Maybe I liked Bert & his book so much more because we both aspired to be writers in our own unique way & I was encouraged by his tenacity & motivated by his discipline when I found that Bert had barricaded himself in his fraternity house while at Colorado College in the summer of 1941, to diligently write 27 short stories. So, Bert was already a published writer of stories & essays while he flew B-17s over Europe during the war & then later when he flew fighters, as a pilot in a P-51 Mustang.
I’m systemically inspired by his short yet productive life & overall heroic achievements, still deeply saddened by the fact that he died so young, at 24; as another misfortunate & careless statistic randomly dictated by Lady Luck, which haplessly curtailed any plans he had hoped to pursue, after the war. Bert will definitely be missed, yet left a legacy of some classified portion of his soul for us to always remember.

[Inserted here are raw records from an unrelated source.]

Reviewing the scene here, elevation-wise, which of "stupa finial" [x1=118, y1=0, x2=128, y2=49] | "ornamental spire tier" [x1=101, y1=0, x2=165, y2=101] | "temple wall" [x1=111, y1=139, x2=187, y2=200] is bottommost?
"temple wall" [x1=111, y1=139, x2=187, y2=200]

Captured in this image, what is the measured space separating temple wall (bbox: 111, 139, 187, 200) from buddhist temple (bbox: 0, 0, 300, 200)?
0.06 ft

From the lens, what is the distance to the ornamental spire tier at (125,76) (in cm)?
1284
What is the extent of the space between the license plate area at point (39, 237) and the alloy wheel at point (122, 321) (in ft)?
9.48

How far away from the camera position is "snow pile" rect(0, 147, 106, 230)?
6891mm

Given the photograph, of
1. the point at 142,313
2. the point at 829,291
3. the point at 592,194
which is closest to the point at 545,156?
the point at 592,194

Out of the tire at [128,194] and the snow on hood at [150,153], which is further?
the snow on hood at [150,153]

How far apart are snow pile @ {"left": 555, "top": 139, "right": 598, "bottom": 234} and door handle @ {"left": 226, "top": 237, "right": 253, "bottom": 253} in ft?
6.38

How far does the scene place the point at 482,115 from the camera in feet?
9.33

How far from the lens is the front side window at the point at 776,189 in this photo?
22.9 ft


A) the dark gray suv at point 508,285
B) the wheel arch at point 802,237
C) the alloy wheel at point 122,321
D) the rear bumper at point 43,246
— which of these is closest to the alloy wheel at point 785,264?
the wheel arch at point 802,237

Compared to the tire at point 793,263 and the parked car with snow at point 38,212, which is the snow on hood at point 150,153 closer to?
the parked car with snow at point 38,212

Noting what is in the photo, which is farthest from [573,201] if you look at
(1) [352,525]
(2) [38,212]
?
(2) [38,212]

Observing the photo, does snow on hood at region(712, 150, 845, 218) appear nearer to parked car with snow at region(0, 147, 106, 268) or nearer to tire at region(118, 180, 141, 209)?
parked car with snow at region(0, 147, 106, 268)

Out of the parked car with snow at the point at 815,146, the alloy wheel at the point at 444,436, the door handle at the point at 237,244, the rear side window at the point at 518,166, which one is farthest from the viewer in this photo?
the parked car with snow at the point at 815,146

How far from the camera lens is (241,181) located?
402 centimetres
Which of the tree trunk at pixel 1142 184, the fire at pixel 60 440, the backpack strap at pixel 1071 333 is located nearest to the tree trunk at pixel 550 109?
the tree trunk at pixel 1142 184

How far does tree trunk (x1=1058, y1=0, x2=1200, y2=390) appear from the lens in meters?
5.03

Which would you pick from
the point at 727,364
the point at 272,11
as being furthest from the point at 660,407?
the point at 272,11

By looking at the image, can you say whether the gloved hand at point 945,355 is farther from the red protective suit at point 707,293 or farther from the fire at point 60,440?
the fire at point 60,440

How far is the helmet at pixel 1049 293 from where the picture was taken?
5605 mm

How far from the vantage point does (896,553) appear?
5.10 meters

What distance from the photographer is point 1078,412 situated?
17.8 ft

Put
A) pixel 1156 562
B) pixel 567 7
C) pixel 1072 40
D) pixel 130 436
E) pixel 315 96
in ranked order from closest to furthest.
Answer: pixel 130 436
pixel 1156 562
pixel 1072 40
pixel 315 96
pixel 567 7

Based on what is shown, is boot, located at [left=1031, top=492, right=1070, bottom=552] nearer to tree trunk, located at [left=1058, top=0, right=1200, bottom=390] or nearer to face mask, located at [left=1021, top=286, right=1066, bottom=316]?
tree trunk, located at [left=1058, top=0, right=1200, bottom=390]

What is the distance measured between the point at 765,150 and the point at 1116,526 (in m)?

I like Bert & enjoyed his book, Serenade to the Big Bird, published posthumously after the war in 1947, presumably in England, as the first printing in America was 5 years later, in 1952. I would also like to read some of his ‘stories & essays’ in the 3 books edited by Robert F. Cooper; Midnight Serenade, Serenade to the World from 30,000 & The Final Serenade. Also, the book about Bert’s life by Mr. Cooper, called Serenade to the Blue Lady.
I will fondly remember Bert lying in a grassy meadow between missions, feeding candy bars to hungry horses & friendly kids, or imagine him trying to sing forgotten lyrics to a favorite song, or virtually struggle with him in the cockpit to keep the wing-tips of his B-17 from touching the other bombers on both sides, in close formation; when forced to fly straight through a belligerent blast of flak from enemy guns below, while he prays for Lady Luck to shield his fellow airmen from a spray of bullets from enemy fighters, as hundreds of B-17 bombers with the same deadly payload dropped their robotic bombs on an unfamiliar target far below the scattered clouds. Bert says, maybe, the war will end tomorrow, or not, just take me back to England safe & sound, so I can write another letter home & get more sack time before my next mission, tomorrow, probably.
‘What I wanted to do tomorrow was ski down Baldy up at Sun Valley, or wade out into the surf at Santa Monica, and get all knocked out in the waves, and come in and lie in the sun all afternoon.’
Me too, Bert! But, good-bye for now & rest in peace, buddy!
Book review by Jack Dunsmoor, author of the book, OK2BG.